**SOURCE MATERIAL:**
·····

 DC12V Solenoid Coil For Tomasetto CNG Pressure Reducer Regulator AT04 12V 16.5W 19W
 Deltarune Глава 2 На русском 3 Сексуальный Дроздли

·····

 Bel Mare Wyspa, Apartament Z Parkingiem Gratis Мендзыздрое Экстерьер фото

·····

**EXERCISE DESCRIPTION:**
Go back to the listing above. Copy word for word the lines from the one with "DC12V Solenoid Coil" through the one with "Deltarune Глава 2", and nothing more.

**TASK RESULT:**
 DC12V Solenoid Coil For Tomasetto CNG Pressure Reducer Regulator AT04 12V 16.5W 19W
 Deltarune Глава 2 На русском 3 Сексуальный Дроздли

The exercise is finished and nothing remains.